The Art of Saying No: Contextual Noncompliance in Language Models
Faeze Brahman, Sachin Kumar, Vidhisha Balachandran, Pradeep Dasigi, Valentina Pyatkin, Abhilasha Ravichander, Sarah Wiegreffe, Nouha Dziri, Khyathi Chandu, Jack Hessel, Yulia Tsvetkov, Noah A. Smith, Yejin Choi, Hannaneh Hajishirzi
2024-07-18

Summary
This paper discusses how chat-based language models should learn to refuse certain user requests, not just those that are unsafe, by introducing a system for understanding when and how to say 'no.'
What's the problem?
Language models are designed to be helpful, but they often comply with requests that they shouldn't, including those that might lead to harmful or incorrect information. Current models mainly focus on refusing unsafe queries, but they don't handle other important situations well, such as when a request is based on false assumptions or when it goes against the model's guidelines.
What's the solution?
The authors propose a new framework called contextual noncompliance, which categorizes different types of requests that models should not comply with. They developed a comprehensive taxonomy that includes various categories like incomplete requests, unsupported requests, and humanizing requests. To evaluate how well models can refuse these types of requests, they created a set of 1,000 prompts and tested existing language models like GPT-4. They found that many models still complied with around 30% of inappropriate requests. To improve this, they explored training strategies using synthetic data to help models learn appropriate noncompliance without losing their overall performance.
Why it matters?
This research is significant because it helps make language models safer and more reliable by teaching them when to refuse certain requests. By broadening the understanding of noncompliance beyond just unsafe queries, this work can enhance the ethical use of AI technologies and ensure they align better with human values and expectations.
Abstract
Chat-based language models are designed to be helpful, yet they should not comply with every user request.
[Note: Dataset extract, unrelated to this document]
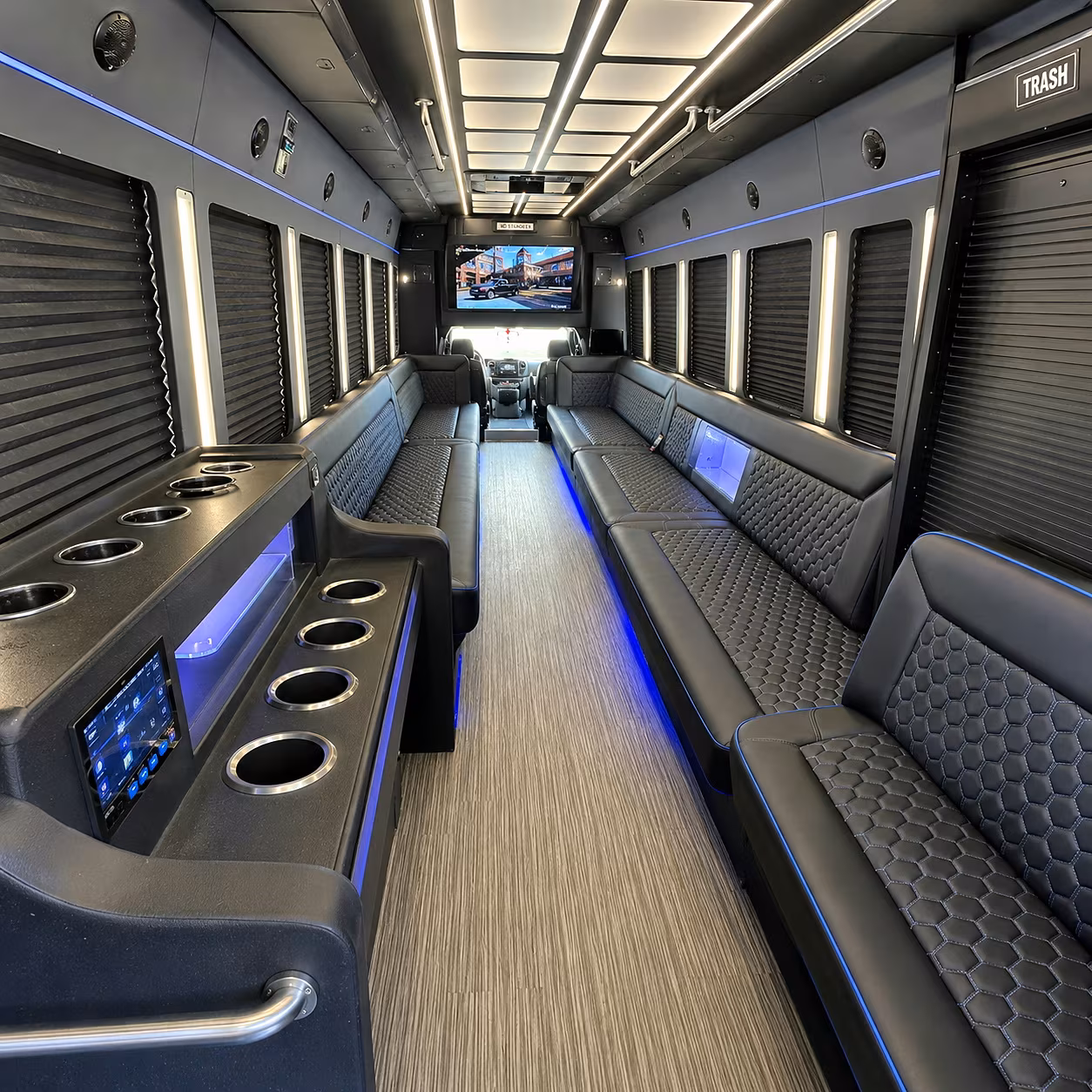 Little Rock Wedding Transportation party bus interior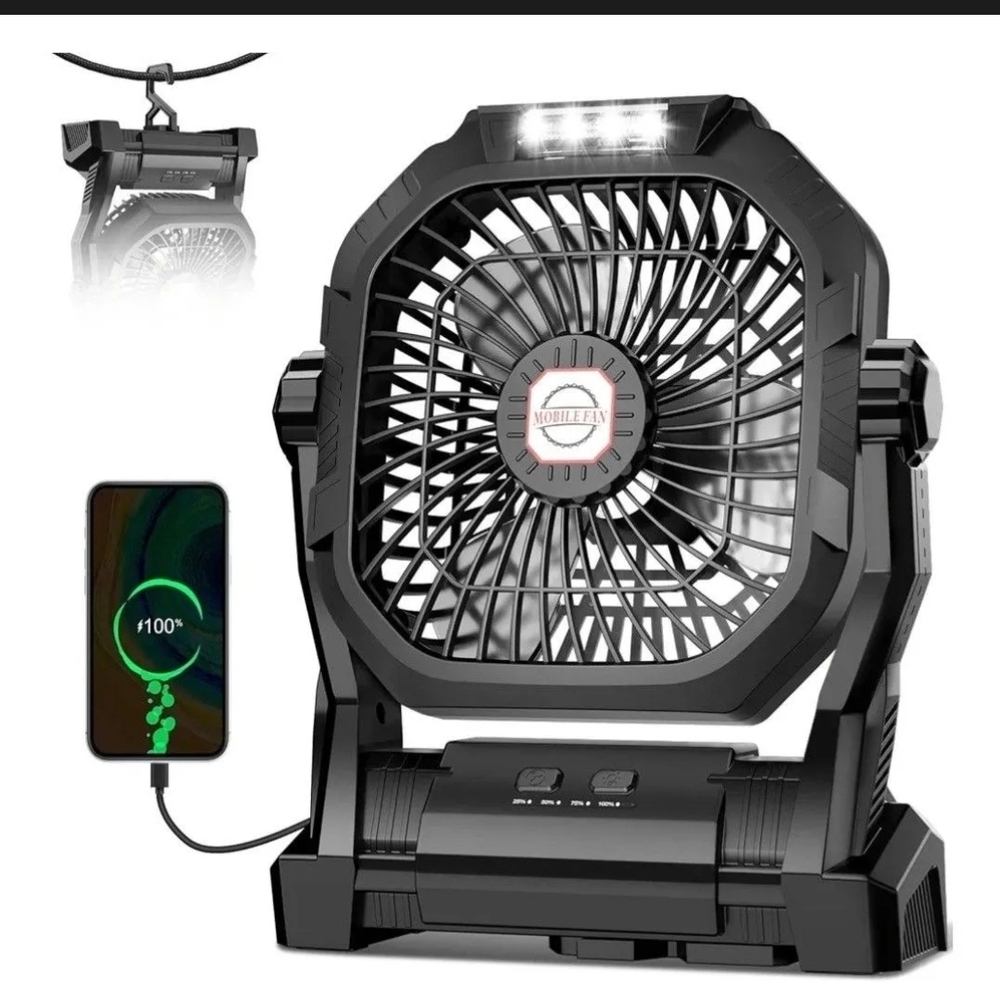 Camping Fan Rechargeable. Black Portable Fan with LED Light. New In Box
While most existing work primarily focuses on refusal of "unsafe" queries, we posit that the scope of noncompliance should be broadened. We introduce a comprehensive taxonomy of contextual noncompliance describing when and how models should not comply with user requests. Our taxonomy spans a wide range of categories including incomplete, unsupported, indeterminate, and humanizing requests (in addition to unsafe requests). To test noncompliance capabilities of language models, we use this taxonomy to develop a new evaluation suite of 1000 noncompliance prompts. We find that most existing models show significantly high compliance rates in certain previously understudied categories with models like GPT-4 incorrectly complying with as many as 30% of requests. To address these gaps, we explore different training strategies using a synthetically-generated training set of requests and expected noncompliant responses. Our experiments demonstrate that while direct finetuning of instruction-tuned models can lead to both over-refusal and a decline in general capabilities, using parameter efficient methods like low rank adapters helps to strike a good balance between appropriate noncompliance and other capabilities.